2. In general, the phrase “shall be established” has been used in UN resolutions where the establishment or realisation of an entity or other thing depends upon further actions being undertaken. By contrast, the phrase “is hereby established” refers to a present action and suggests that the Parties to the resolution have the authority to establish an entity or other thing without further actions being undertaken. The phrase “shall be established” is therefore not generally used to mean “is established”.

In practice, even when the phrase “is hereby established” is used, sometimes the entity or other thing being established may not be effective, implemented or operational until certain conditions are met or further actions are undertaken following its “establishment”. In these situations, the phrase “is hereby established” can have the same practical meaning as the phrase “shall be established.”

Meaning of “shall”

“Shall” is a mandatory term as opposed to a permissive term such as “may”, or a hortatory term such as “should”. Accordingly, “shall” is generally used where a Party seeks legally binding obligations.

The Oxford English Dictionary defines “shall” to mean, among other things, ‘indicating what is appointed or settled to take place’. Accordingly, by its ordinary meaning, “shall” indicates a future action.

“is hereby established” vs. “shall be established”

The meaning of the phrases “is hereby established” and “shall be established” depends on the context in which these phrases are used.

Generally, the phrase “is hereby established” has been used in UN resolutions when the Parties to the resolution have the authority to establish an entity (or fund etc), and where the nature of whatever is being established is one which does not require further actions to be undertaken in order for it to be established. For example, in the UNFCCC , the language used to establish the Conference of the Parties (COP) was “is hereby established”. In this case, the creation of the COP was not dependent on other events occurring.

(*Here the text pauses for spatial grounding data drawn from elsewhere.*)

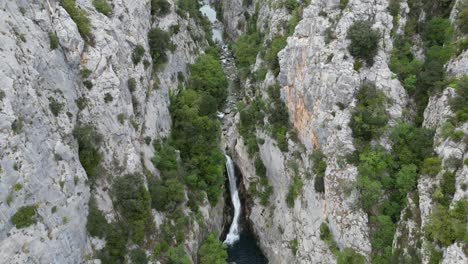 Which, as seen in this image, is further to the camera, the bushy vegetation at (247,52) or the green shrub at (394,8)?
the bushy vegetation at (247,52)

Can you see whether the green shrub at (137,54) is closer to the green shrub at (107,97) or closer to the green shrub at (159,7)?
the green shrub at (107,97)

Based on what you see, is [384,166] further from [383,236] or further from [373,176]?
[383,236]

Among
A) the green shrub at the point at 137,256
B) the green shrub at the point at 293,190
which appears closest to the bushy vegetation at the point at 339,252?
the green shrub at the point at 293,190

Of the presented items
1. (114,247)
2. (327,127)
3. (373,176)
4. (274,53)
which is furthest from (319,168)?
(114,247)

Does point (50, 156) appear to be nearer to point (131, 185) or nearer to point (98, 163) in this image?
point (98, 163)

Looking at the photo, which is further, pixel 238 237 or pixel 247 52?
pixel 247 52

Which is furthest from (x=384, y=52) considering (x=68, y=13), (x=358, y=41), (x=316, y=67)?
(x=68, y=13) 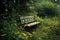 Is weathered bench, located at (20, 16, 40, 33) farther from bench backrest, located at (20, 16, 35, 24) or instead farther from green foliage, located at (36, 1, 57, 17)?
green foliage, located at (36, 1, 57, 17)

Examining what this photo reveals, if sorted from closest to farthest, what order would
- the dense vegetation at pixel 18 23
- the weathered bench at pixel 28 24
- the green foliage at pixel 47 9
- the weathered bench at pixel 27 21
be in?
the dense vegetation at pixel 18 23, the weathered bench at pixel 28 24, the weathered bench at pixel 27 21, the green foliage at pixel 47 9

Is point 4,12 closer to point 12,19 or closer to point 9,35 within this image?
point 12,19

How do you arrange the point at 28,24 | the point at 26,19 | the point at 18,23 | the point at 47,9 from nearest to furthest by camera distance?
the point at 18,23 → the point at 28,24 → the point at 26,19 → the point at 47,9

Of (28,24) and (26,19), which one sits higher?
(26,19)

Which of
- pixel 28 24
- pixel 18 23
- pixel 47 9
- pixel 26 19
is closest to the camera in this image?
pixel 18 23

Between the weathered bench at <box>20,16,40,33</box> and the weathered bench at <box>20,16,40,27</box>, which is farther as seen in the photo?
the weathered bench at <box>20,16,40,27</box>

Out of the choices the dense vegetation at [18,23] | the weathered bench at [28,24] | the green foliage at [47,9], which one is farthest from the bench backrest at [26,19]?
the green foliage at [47,9]

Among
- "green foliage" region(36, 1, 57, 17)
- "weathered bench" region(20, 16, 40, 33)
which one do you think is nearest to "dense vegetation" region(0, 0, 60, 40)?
"green foliage" region(36, 1, 57, 17)

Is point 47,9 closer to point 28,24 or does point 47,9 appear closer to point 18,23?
point 28,24

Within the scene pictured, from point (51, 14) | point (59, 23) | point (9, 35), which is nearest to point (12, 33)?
point (9, 35)

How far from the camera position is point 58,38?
7613mm

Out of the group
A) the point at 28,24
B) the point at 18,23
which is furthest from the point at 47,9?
the point at 18,23

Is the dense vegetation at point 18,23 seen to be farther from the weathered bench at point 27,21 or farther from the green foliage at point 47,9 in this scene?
the weathered bench at point 27,21

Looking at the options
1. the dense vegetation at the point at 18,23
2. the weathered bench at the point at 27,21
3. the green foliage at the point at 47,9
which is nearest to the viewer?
the dense vegetation at the point at 18,23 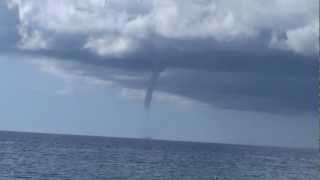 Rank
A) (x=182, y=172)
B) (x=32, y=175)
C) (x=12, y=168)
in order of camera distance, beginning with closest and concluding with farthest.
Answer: (x=32, y=175) → (x=12, y=168) → (x=182, y=172)

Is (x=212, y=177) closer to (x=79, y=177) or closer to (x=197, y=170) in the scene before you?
(x=197, y=170)

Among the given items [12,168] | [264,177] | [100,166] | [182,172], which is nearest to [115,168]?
[100,166]

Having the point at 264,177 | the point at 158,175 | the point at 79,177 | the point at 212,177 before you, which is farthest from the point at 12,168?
the point at 264,177

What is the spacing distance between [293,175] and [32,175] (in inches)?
1937

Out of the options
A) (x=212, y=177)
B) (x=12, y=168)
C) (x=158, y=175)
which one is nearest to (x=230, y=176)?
(x=212, y=177)

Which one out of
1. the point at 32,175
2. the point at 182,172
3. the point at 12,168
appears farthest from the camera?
the point at 182,172

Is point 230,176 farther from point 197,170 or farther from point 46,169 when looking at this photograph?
point 46,169

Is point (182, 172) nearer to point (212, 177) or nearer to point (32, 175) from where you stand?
point (212, 177)

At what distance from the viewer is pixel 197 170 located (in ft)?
410

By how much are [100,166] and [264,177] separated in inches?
1242

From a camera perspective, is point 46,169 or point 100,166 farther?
point 100,166

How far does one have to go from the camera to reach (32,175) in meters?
99.6

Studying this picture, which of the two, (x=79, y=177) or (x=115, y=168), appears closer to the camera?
(x=79, y=177)

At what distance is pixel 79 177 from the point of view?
328ft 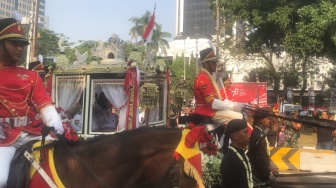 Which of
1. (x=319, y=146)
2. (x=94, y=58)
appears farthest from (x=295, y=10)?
(x=94, y=58)

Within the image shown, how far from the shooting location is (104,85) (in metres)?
10.6

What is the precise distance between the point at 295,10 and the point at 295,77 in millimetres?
15578

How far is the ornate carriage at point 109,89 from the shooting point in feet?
33.8

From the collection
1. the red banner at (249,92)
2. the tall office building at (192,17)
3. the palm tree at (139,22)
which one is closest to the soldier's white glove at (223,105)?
the red banner at (249,92)

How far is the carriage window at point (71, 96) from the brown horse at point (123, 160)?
6.89 m

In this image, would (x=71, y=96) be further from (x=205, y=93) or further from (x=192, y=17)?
(x=192, y=17)

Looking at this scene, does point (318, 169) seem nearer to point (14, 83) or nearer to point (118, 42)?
point (118, 42)

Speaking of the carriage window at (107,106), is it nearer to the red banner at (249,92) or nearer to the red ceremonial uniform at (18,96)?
the red ceremonial uniform at (18,96)

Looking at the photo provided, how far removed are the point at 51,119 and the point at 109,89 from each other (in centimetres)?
654

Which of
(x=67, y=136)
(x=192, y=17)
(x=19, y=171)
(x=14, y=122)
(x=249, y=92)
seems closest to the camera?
(x=19, y=171)

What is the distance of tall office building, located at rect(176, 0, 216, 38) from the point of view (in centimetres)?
12206

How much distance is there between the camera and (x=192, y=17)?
12488 centimetres

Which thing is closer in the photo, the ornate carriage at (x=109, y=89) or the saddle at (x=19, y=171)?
the saddle at (x=19, y=171)

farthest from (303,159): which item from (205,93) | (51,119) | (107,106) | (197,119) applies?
(51,119)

In contrast, “shall be established” has been used in UN resolutions when the establishment or realisation of an entity or other thing depends upon further actions being undertaken. For example, the Parties to Decision 10/CP.7 decided that an Adaptation Fund “shall be established” . The Decision also provided other actions that needed to occur in order for the Adaptation Fund to be implemented or become operational. For example, Parties needed to contribute to the Fund and an entity to manage the Fund needed to be created.

From a practical perspective, although “is hereby established” refers to a present action, the thing being established may not be effective, implemented or operational until certain conditions are met or further actions are undertaken following its “establishment”.

For example, in a resolution adopted by the General Assembly, dated 17 August 1994 section 3 of that resolution provided that a Finance Committee “is hereby established”. Following this statement, the resolution provides, among other things, that the election of members “shall” occur. Similarly, although Article 1 of the Rome Statute of the International Criminal Court (ICC) states that the ICC “is hereby established”, the Statute also outlines other actions which must occur for the ICC to be operational – for example, that “the seat of the Court shall be established at the Hague in the Netherlands” .

Accordingly, although an entity (or other thing) may be established immediately through the use of the words “is hereby established”, on a practical level the entity (or other thing) may not be realised or implemented until further actions are undertaken.

Therefore, in our view, in many cases using the phrase “is hereby established” may have the same practical result as using the phrase “shall be established”. This is because the use of “is hereby established” does not necessarily imply that no further actions are required in order to effect the establishment of the entity (or other thing).